Research cruise on the R/V Seward Johnson from Bardados to Cape Verde and back, Summer 2006
There are still many uncultured marine protists – including within the pico-size fraction. An approach developed in the lab that has generated new discoveries on their evolution and ecology has been sequence partial genomes from cells taken directly from the environment. Because these pico algae have quite large genomes (especially as compared to bacteria), pursuing metagenomic information using “bulk samples” (i.e. collecting cells by filtration of many liters of seawater) has been challenging, and complex to tease apart bioinformatically. Starting in 2005 we combined flow sorting with multiple displacement amplification (developed in Roger Lasken’s lab) in order to specifically target and sequence picophytoeukaryote populations. Our interest has been in sequencing population metagenomes as opposed to single cells. Using this approach we published the first genome sequence (partial genome) for a haptophyte – in this case a pico-prymnesiophyte (Cuvelier et al. PNAS 2010), and a partial Bathycoccus genome (Monier et al. EM 2012, epubl Sept 2011) as well as the complete chloroplast genome of a wild pelagophyte (Worden et al. Current Biology 2012).
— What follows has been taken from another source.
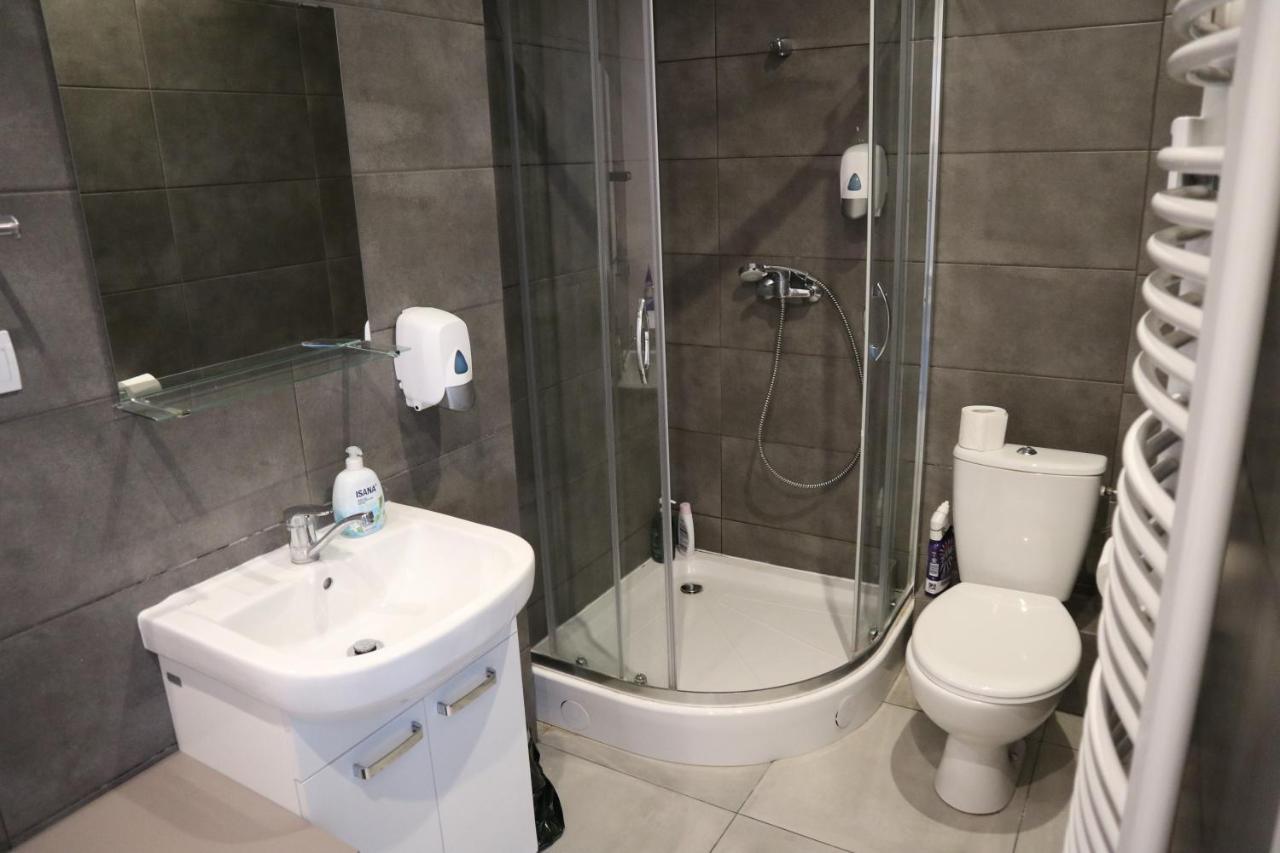 One More Night Apartment, Poznan Old Town מראה חיצוני תמונה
Some of these targeted metagenomes have now been used to analyze traditional Bulk Metagenomes from a well characterized transect from the Pacific coast to open ocean waters (Line 67) and other locations. High resolution contextual environmental data has been analyzed by a number of MBARI scientists — including Ken Johnson and Francisco Chavez. Melding Targeted Metagenomics with Bulk Metagenomics (using the Targeted Metagenomes as reference genomes for uncultureds) revealed the global distribution of a wild Pelagomonas, using a reference plastid genome sequenced directly from the environment (Worden et al. Current Biology 2012), as well as interesting HGT patterns between Ostreococcus andBathycoccus with marine prasinoviruses (Monier et al. EM 2012, epubl Sept 2011).